[Opening Data for the task section]

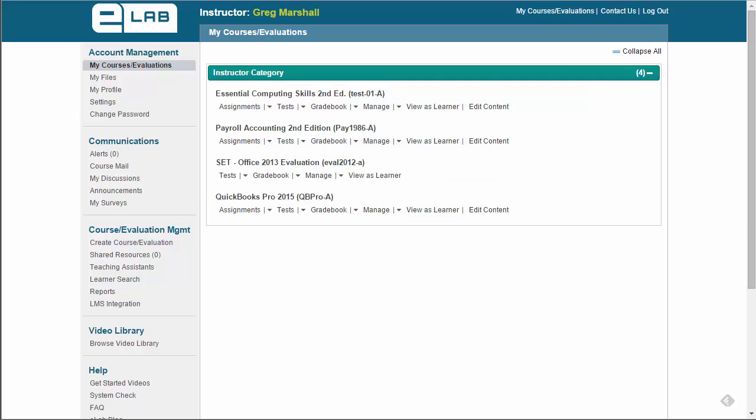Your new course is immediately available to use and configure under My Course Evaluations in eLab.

[Closing Data for the task section]
[Opening Data for the task section]

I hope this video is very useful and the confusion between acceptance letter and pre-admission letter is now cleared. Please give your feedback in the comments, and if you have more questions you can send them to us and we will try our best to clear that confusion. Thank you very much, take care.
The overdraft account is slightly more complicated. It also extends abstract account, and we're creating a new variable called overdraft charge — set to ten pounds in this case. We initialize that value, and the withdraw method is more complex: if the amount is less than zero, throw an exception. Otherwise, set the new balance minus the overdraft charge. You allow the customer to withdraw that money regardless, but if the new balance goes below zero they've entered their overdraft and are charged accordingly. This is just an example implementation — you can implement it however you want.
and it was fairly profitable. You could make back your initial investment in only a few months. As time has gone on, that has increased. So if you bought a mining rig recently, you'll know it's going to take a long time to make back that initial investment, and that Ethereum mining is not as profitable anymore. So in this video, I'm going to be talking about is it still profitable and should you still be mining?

[Closing Data for the task section]
[Opening Data for the task section]

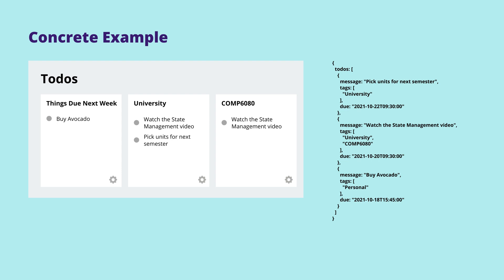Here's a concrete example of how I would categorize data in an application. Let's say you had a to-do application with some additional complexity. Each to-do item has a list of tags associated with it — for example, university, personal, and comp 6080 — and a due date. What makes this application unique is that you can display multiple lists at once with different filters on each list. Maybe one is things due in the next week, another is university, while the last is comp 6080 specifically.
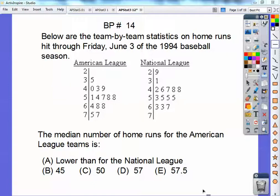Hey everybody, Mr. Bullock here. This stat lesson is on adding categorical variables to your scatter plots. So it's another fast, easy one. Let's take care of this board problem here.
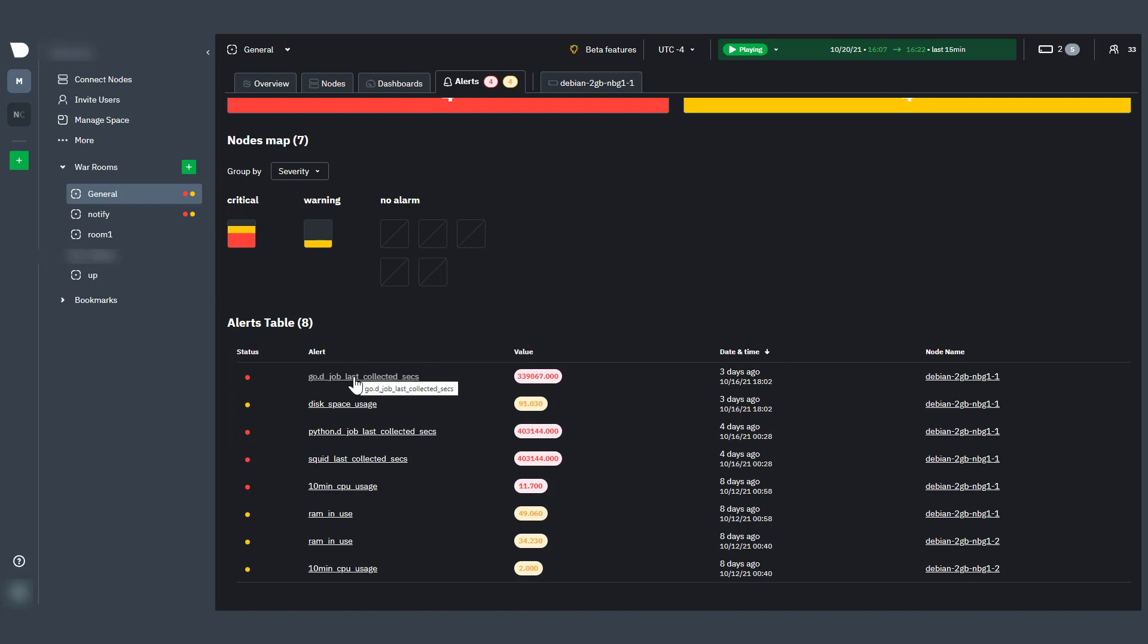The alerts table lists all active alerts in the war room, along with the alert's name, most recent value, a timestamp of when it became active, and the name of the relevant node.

[Closing Data for the task section]

__Work instructions__
Output exactly, and only, the lines of the entries above from the one with "Hey everybody, Mr." up to and including the one with "The alerts table"; pictures are to be left out.

__Your response__
Hey everybody, Mr. Bullock here. This stat lesson is on adding categorical variables to your scatter plots. So it's another fast, easy one. Let's take care of this board problem here.
The alerts table lists all active alerts in the war room, along with the alert's name, most recent value, a timestamp of when it became active, and the name of the relevant node.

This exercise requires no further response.